'They are killing the souls of our children' - Afghan artist describes life under the Taliban

The silhouette of a man in Kabul City at sunset.(Photo: Getty/iStock)

Sharifullah* is a traditional craftsman in Afghanistan. He is also a Christian who, out of necessity, keeps his faith a secret to all but a few.

He leads a small community of fellow Christians, many of whom he has trained to work side-by-side with him in his workshop.

They have spent many years turning sketches and ancient designs into beautiful artwork – a way they believed they could covertly share their faith.

"So often we would find birds to represent the Holy Spirit and freedom, sheep to represent us, and roses to represent Jesus," Sharifullah says. "Sometimes, there are even crosses hidden and woven into our designs."

Throughout the last two decades, the spectre of the Taliban's return has always hung over them. Despite the dangers, they have continued their secret ministry.

When the Taliban took charge of the country in August, Sharifullah's work came to a standstill.

"Six months ago, the Taliban marched in," he recalls. "Within weeks, many artisan shops in the capital were warned about the designs being used in the crafts on display.

"The Taliban want their ideology reflected everywhere. All signs of colour, life and hope have been erased - painted over and replaced with Taliban slogans.

"We saw men climb ladders and paint anything that was beautiful and hopeful," he sighs. Everything beautiful is considered 'murtid' (apostate) and filthy - a 'friend of the West' and of the unbeliever or 'Kafir'.

"The Taliban are killing our souls and spirits. They don't have to shoot us for this to be painful and hard. They are killing the souls of our children by taking all that is beautiful away from them."

Sharifullah's business is temporarily closed, but even as the Taliban wipe out memories of beauty, Sharifullah and his co-workers are committed to continuing their work in some way.

"They may try to stop us, but I have this hope, since we have trained so many people to create beautiful things. I doubt we can stop the movement of beauty and hope that has begun. We have given the most vulnerable people skills that allow them to use their imaginations and create," the artist says.

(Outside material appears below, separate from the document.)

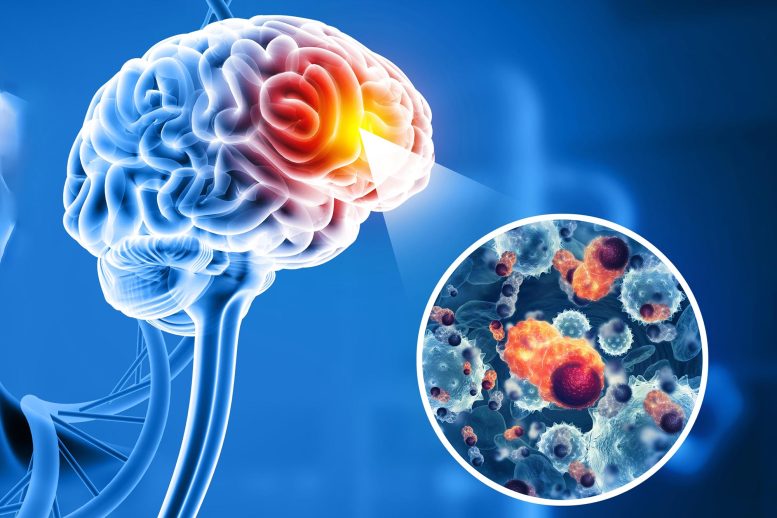 Cancer Cells Attacking Human Brain Crop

Following the Taliban takeover, Afghanistan became number 1 on Open Doors 2022 World Watch List, a ranking of 50 countries where it is most dangerous to be a Christian.

Almost all Afghan Christians are converts from Islam and are not able to practise their faith openly. With the Taliban takeover, the pressure on Christian converts has grown exponentially, so many of them have gone into hiding in remote rural areas or fled the country.

The Open Doors' field expert says for Christian converts who remain in Afghanistan there is no option other than to 'play the role of a Muslim'. If a Christian woman chooses not to wear a head-covering she will draw unwanted attention. If discovered, Christian converts will face harsh punishment as leaving Islam is punished by death.

Sharifullah's most immediate concern is his brother-in-law, whom he fears could be a Taliban sympathiser. He says: "My wife is a very good artist, and her brother used to come and destroy all her paintings to hurt her. He used to tell us: 'You are too free with your lives. One day the Taliban will come back and it will be better for you that you destroy all this.' Now, that day has come.

"I pray that he will not be tempted to set our work on fire, and God will keep him away."

He talks about his family's conversion to Christianity: "Jesus came to us in a dream and opened up our imagination. It is a door that has been opened that can never be shut. We will never let that hope be silenced."

*name changed for security reasons

Ben Cohen is the head of media and PR at Open Doors UK & Ireland, part of Open Doors International, a global NGO network which has supported and strengthened persecuted Christians for over 60 years and works in over 60 countries. The charity provides practical support to persecuted Christians such as food, medicines, trauma care, legal assistance, safe houses and schools, as well as spiritual support through Christian literature, training and resources.